G'day
One of the main problems with forecasting is that the basic premise is that communities and economies will remain the same.
Our modern economies are really very short term models having only been around essentially since WWII although the shift in domestic economies started or accelerated after WWI, with the gradual loss of cheap labour within the domestic economies. Domestic as in internal to the nation, local and of course, within the home or neighbourhood.
This cheap labour is now divided between volunteers and off-shore resources where labour is still comparatively cheap - compared to our own local 'cheap' labour, that is.
The world economy has changed immeasurably in the past 50 years and will continue to change. Yes, governments must plan ahead, and this is one reason the Goods and Services Tax was introduced, to distribute taxation across income earning and non-income earning segments of the population. However, GST collection relies on the consumption of goods and services and although this then provides concession to people on fixed incomes ie if you don't spend money (except on essential items) you won't be taxed, in many ways this Tax can only be the beginning.
Apart from economic change in the broad sense, in Australia we also have a deeply entrenched 'Little Aussie Battler' culture where we have traditionally mostly aspired to proudly 'work for ourselves', a select group of large companies eg BHP or Coles Myer, or to work for the Government through the Public Service.
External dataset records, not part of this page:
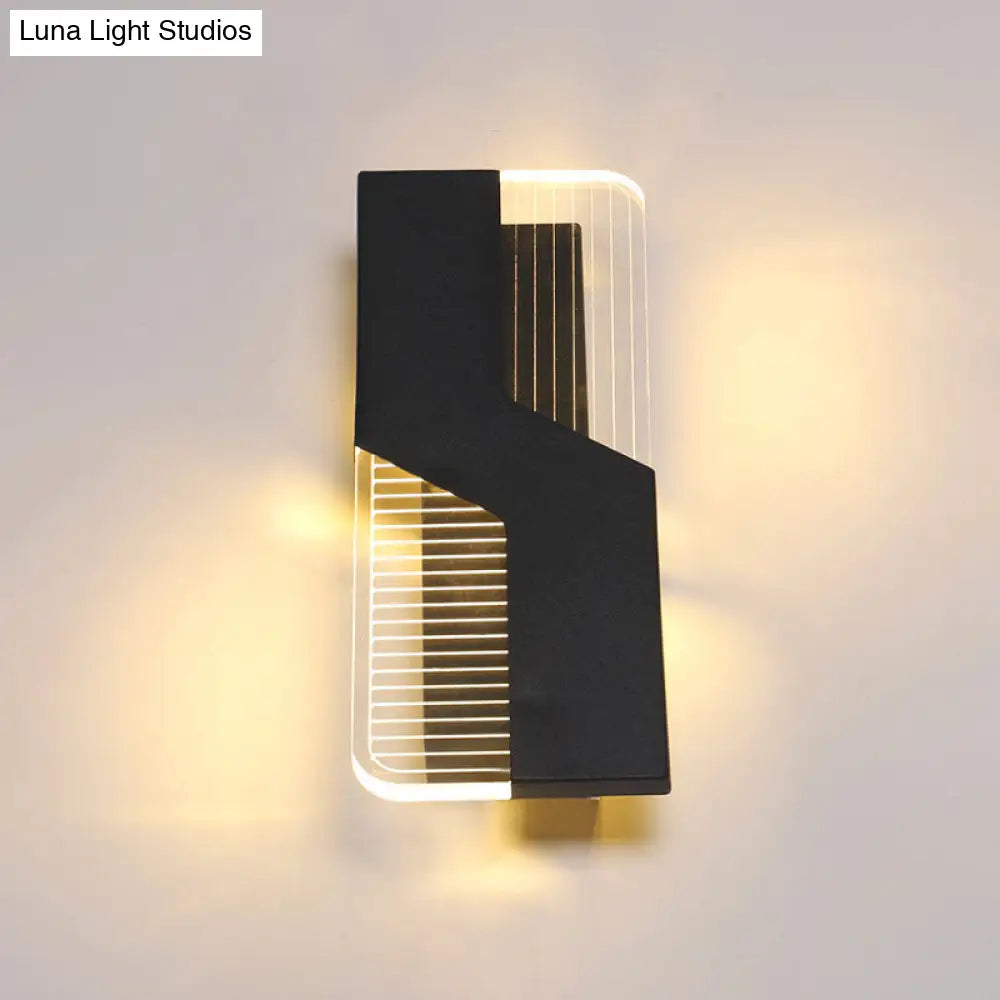 Curved Nordic Led Metal Sconce Lamp: Black/White Wall Mount For Bedside In Warm/White Light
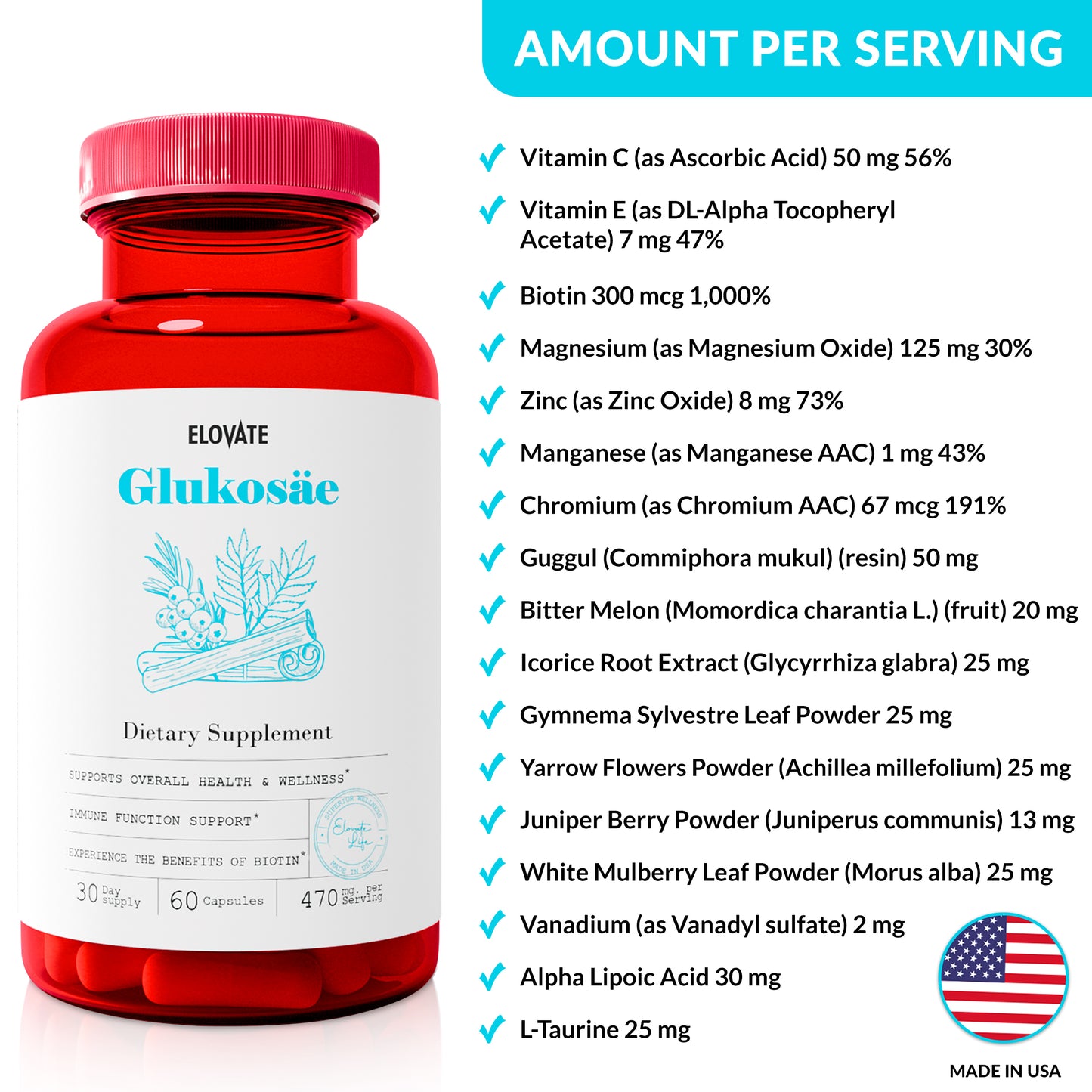 Elovate 15 Glukosae with Guggul Extract, Biotin, Banaba Leaf, Ceylon Cinnamon, and Glucose Support - Fast Acting Natural Herbal Capsules for Blood Sugar, Metabolism, Insulin Support, and Daily Wellness for Men & Women - 1300mg, 90 Capsules (60-Day Supply)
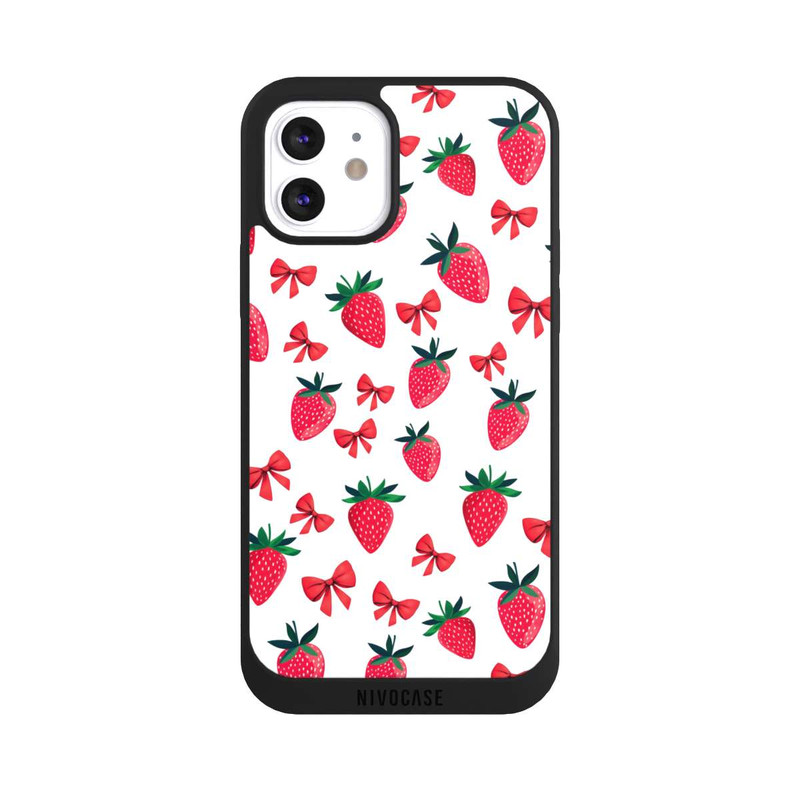 iPhone 12 NIVOpure Strawberry Ribbon Pattern Red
This has created huge disparities in retirement benefit, hence the introduction of the Superannuation Guarantee scheme in 1989.
This safety net, however, does not really provide for all the 'day labourers' out there and there may not be any effective way except a government pension funded from taxation to provide for this group over time. They will reach retirement age as their predecessors did, with the clothes on their backs and the money in their pockets and not much else.
Other countries with different cultural influences have had different approaches to the Pension Fund mechanism, and of course since 1962 the British Socialist State 'From the Cradle To The Grave' has provided many working or, as the case may be, non-working (!) models of how governments have tried to address the issue of residual poverty within the population.
From where I sit, I could probably just coast along for the next ten years then put my hand out for whatever will be the benefits of the day. But economic policies must not be decided from the example of the personal to the political. Western Democracy does not turn a blind eye to the poor and disadvantaged and we owe an enormous debt to our largely Christian cultural heritage in that attitude. No, this is not a political statement but stemming as we do back to the Romans and their inimitable work ethic and strict social structuring, then the effects of the Catholic Church, and since Henry VIII (let us not forget the world shattering effect of the Property Acts of c.1513) through the Calvanists and of course the stability of the English Monarchy and the Westminster System of Parliament we seek to not only proudly support ourselves while we can we make sure the 'Work Houses' are there to support us when we cannot.
We do not chop our children's hands off to make them better beggars, we make sure they keep both hands and we teach them to write to make them better workers.
So to mathematically project that two workers will support each non-working person would place an unbearable burden on the entire community and any anthropologist could easily demonstrate that when societies come under stress and as that stress escalates to duress, the society changes in a fundamental way to deal with that duress and to bring it back to within manageable margins.
The next fifty years will see the birth of the next World Economy model. Since the Industrial Revolution which, you may recall, occupied only about 200 years of modern history, we have changed fundamental economic models a number of times and will continue to do so. Evolution in Economics is the key to our financial and economic survival and if we don't evolve we perish.
Australia no longer 'rides on the sheep's back' as I was taught in primary school. We could probably in many ways be truly self-sufficient as a Nation, after all we grow our own food and produce fuel and doo-dads in abundance. There are some things, of course, which we can't or don't produce (F111 fighter bombers) and we need world currency to purchase these things, and so we must trade in the world markets and produce commodities which other markets wish to buy, and food is a good commodity.
And perhaps at the end of the day we shall return to Burke's Backyard as an economic model. The people will decide what they want and the demonstration of those wishes will grow from the grass roots level up, not from government policy down. It was always thus.
Oh, well, back to the QuickBooks and attending to my own micro-economic climate!